When it first premiered at the Palais-Royal Theatre in Paris it caused a scandal, with Moliere, who was himself playing the lead, being accused of obscene double-entendres, vulgarity and immorality. Its ensuing success was further guaranteed by its performance at the Court, reportedly having Louis XIV, Moliere’s patron, holding his sides with laughter.
The play is about a 42-year-old provincial bourgeois, Arnolphe, who has his eye on a young girl, Agnes, as a future bride ever since she was four, 13 years ago and made her his ward. To ensure her continuing naivete and dependency on him, he had her raised in a convent. All of this was because of his obsession to keep her unsullied by the ways of the world, so he can have her all to himself. There is a suggestion that Moliere might have been reflecting on his own marriage to a much younger woman.
ARNOLPHE is overwhelmed with the threat of being cuckolded, and keeps Agnes as a bride-in-training until he believes she is ready to become finally his. But, as Fate would have it, she meets and falls in love with a younger man, Horace, and the pair consistently thwart Arnolphe’s every attempt to impose his will.

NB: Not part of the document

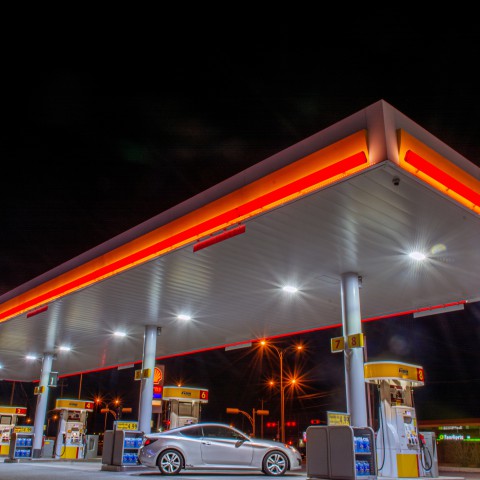 Benzine prijs in Nederlands stijgt boven de 2,10 euro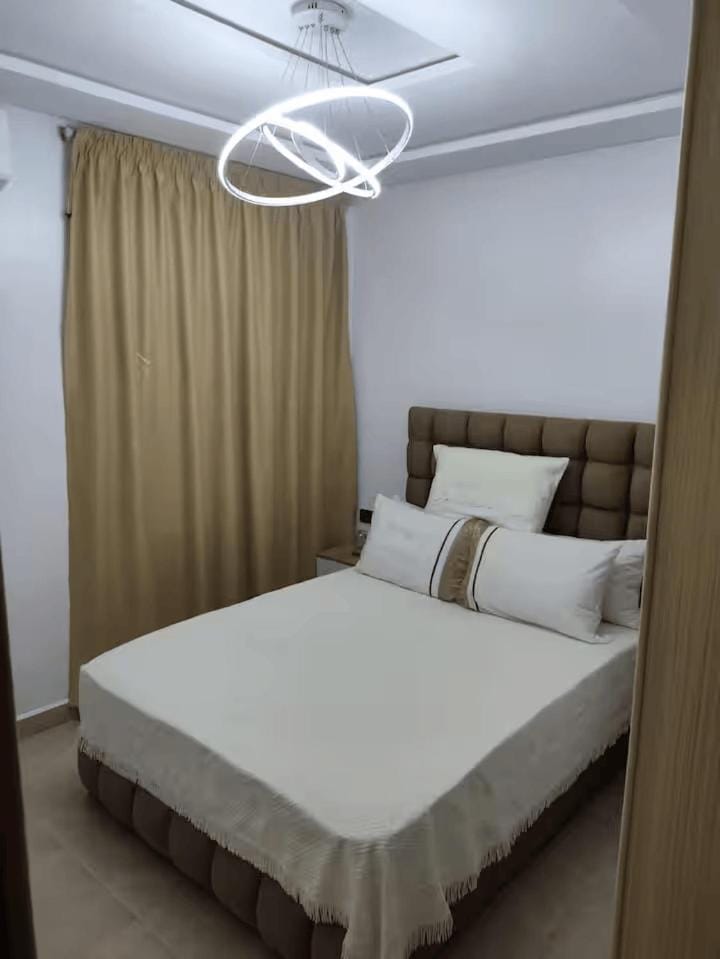 Appartement à Tanger Malabata Piscine ouverte juillet et août, proche plage Apartment in Tangier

The play runs through a series of very amusing events with Arnolphe being defeated at every turn of his devious mind. It is brimming with the betrayal, hypocrisy, deceit and decency, with great posturing among the players in the traditional Moliere style, with the determination of the hearts of the two young lovers contrasting sharply against the darkness of the plotting so-called guardian.
One of the funniest elements is what Moliere could not have foreseen _ or maybe he did _ with the male domination and control of women contrasting so strongly with attitudes 330 years later, in these liberated times when women have fought so hard for their equality and freedom.

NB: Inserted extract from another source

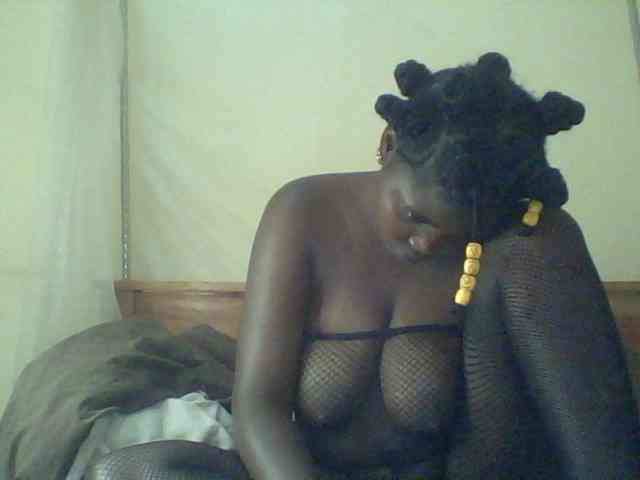 Cute-Divah webcam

On a minimalist set, in red, white and blue, designed by Fred Mechoui, the play depends very much on the text and the ability of the players to sustain the energy and interest as well as the humor.
This they do with gusto and polish, especially Ernie Gray as Arnolphe, who shows a remarkable range of expression as he goes through his prolonged time of self-inflicted torment. It is a performance of great professionalism in timing, voice and body, and after his sensitive portrayal of `The Idiot’ at TheatreWorks, shows his flair for humor.
Of the others, Julie Forsyth and Ian Scott have a high old time as the two servants entrusted and enforced by their crazed master to keep Agnes from what he fears most. Nadine Garner and Humphrey Bower are full of frivolity and sweet reason as the young lovers. The other actors are equally up to the lesser parts in this very good production, which confirms how far Anthill has come.